In 2019, the Fundraising Effectiveness Project mentioned that the donor retention rate for U.S. nonprofits was 45%. The retention rate for repeat donors in 2018 was 61%. For first-time givers, the retention rate was 20% or roughly one out of five new supporters.

The statistics of the Fundraising Effectiveness Project reveal how difficult it is to capture new donors. They show how important it is to stay on top of donors’ minds so they will give multiple times. It is possible to improve upon the low 20% average retention rate, thereby boosting the probability of donors giving.

Engaging your donors with a relevant message at the right time can improve retention rates. Instilling an urgent “the time to act is now” call-to-action is a successful strategy. For example, if you want to capitalize on Giving Tuesday and December year-end giving, you need to start in October.

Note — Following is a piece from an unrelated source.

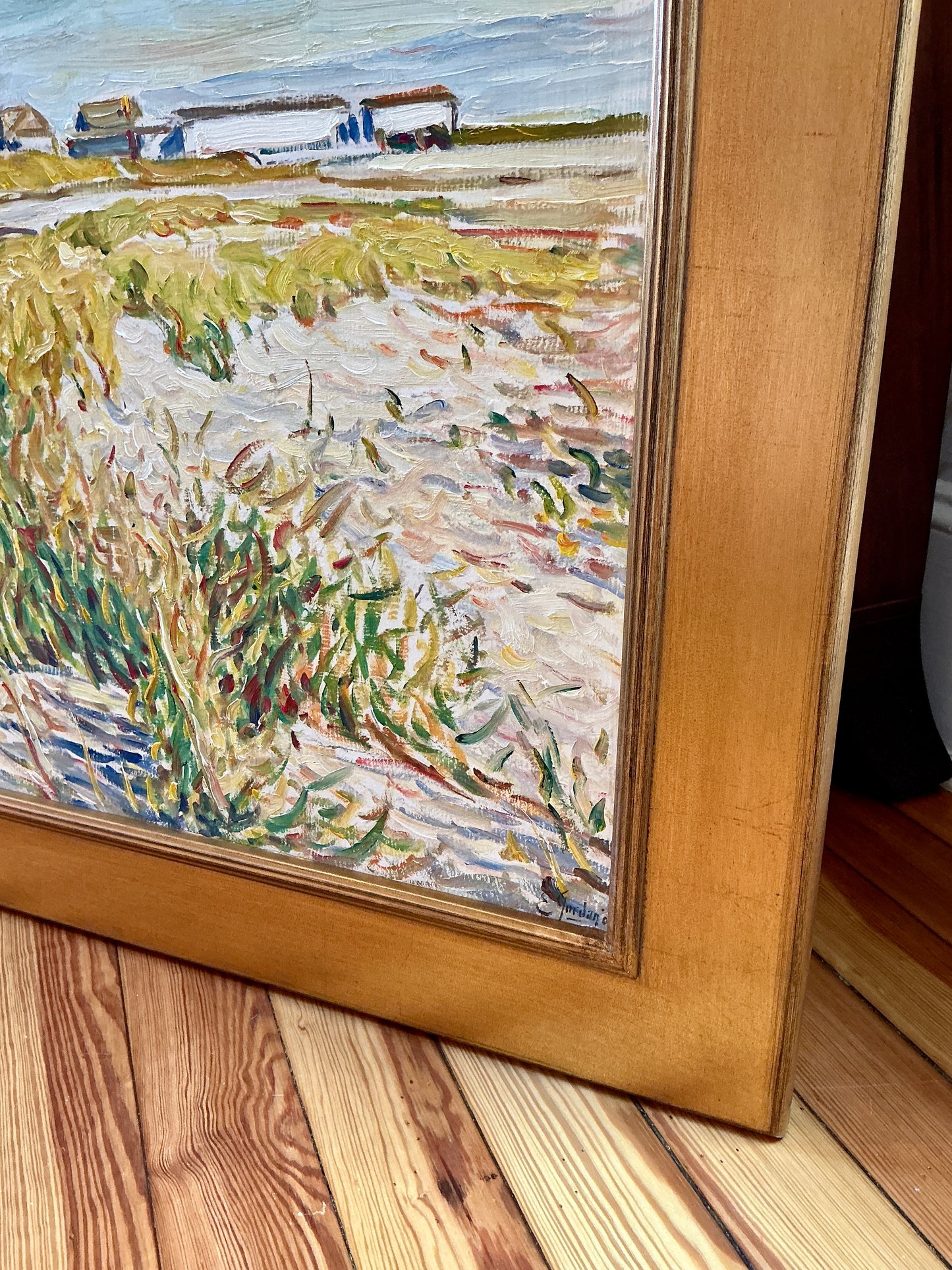 Edmund Jordan Cape Cod 1998 Oil Painting Coastal Landscape in Gold Frame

Baily and Stu provide a great example of this successful retention strategy with a Wisconsin dance organization. The development director mentioned, “We are strong with donor retention at 75% for returning donors and 30% for new donors.” Compared to the 2019 fundraising average, that’s a 25% higher rate for returning donors and 50% higher for new ones.

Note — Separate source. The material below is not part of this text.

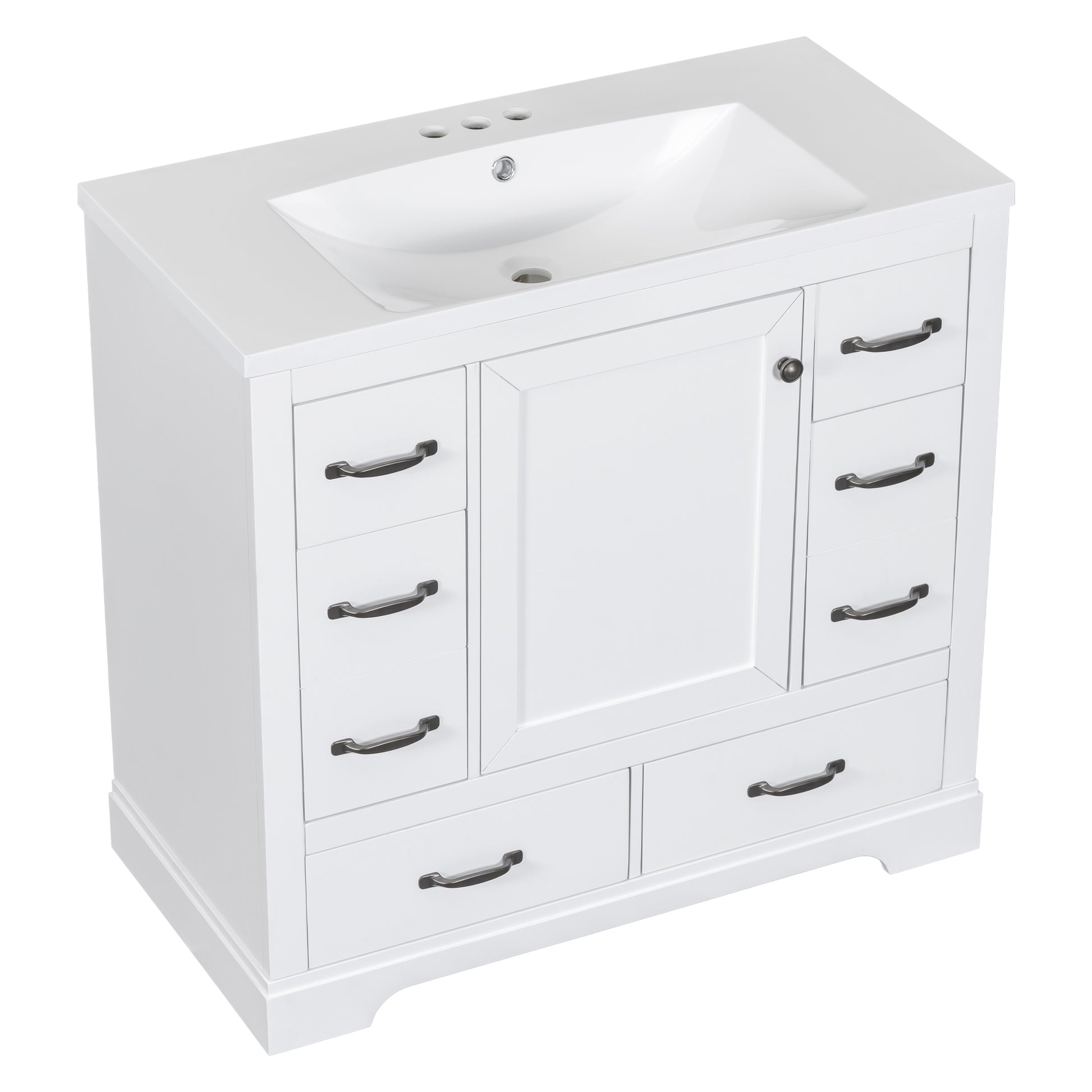 36" Bathroom Vanity With Sink Combo, Six Drawers, Multi Functional Drawer Divider, Adjustable Shelf, White White Solid Wood Mdf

For illustration, there were two grids: Grid A and Grid B. Grid A shows a donor retention rate of 41% and Grid B documents a donor retention rate of 51%. Grid A’s donors raised $675,000 and Grid B’s donors raised over $1 million.

Grid B’s retention rate of 51% resulted in donors giving for an extra five years before dissipating. With a better retention rate, these donors gave more than those in Grid A whose retention rate was 41%. Even the slightest improvement of donor retention can boost giving amounts.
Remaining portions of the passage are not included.